/---

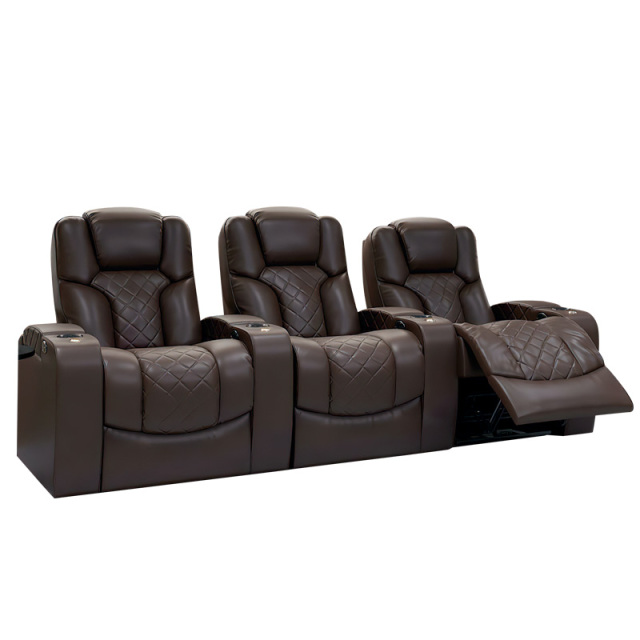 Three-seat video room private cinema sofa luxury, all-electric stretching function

\---
/---

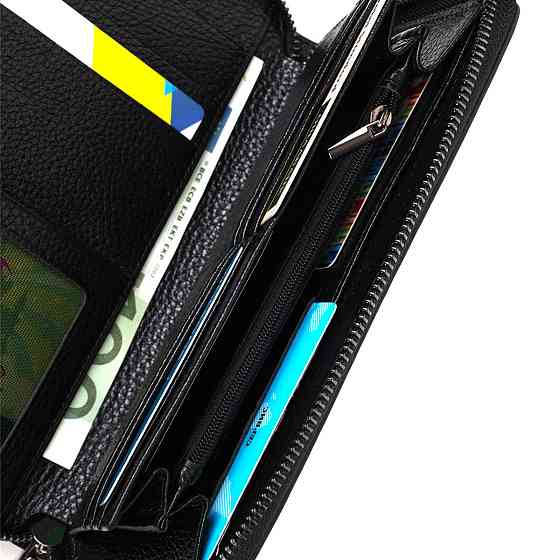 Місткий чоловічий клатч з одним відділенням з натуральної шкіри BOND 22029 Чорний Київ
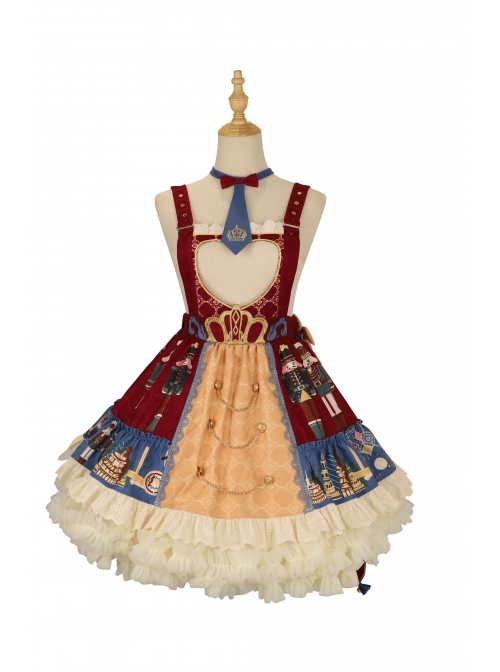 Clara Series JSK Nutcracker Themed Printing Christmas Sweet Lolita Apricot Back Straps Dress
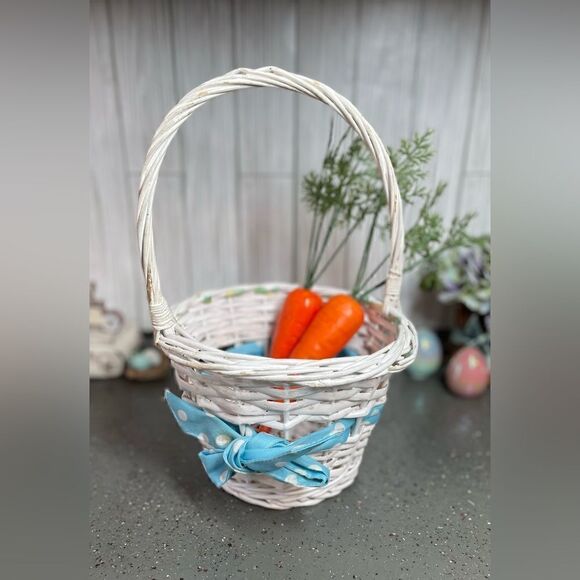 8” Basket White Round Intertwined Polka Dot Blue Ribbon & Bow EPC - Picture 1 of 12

\---
/---

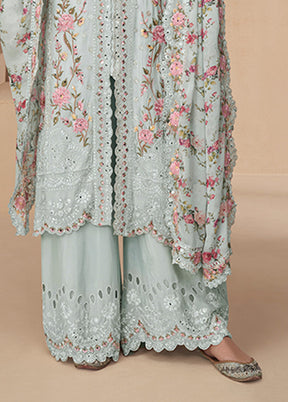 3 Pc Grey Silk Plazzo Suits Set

\---

### Task to complete
Please copy the lines above exactly, starting at the line that holds "Clara Series JSK" and ending at the line that holds "Picture 1 of 12"; include both, but no pictures.

### Answer to this task
 Clara Series JSK Nutcracker Themed Printing Christmas Sweet Lolita Apricot Back Straps Dress
 8” Basket White Round Intertwined Polka Dot Blue Ribbon & Bow EPC - Picture 1 of 12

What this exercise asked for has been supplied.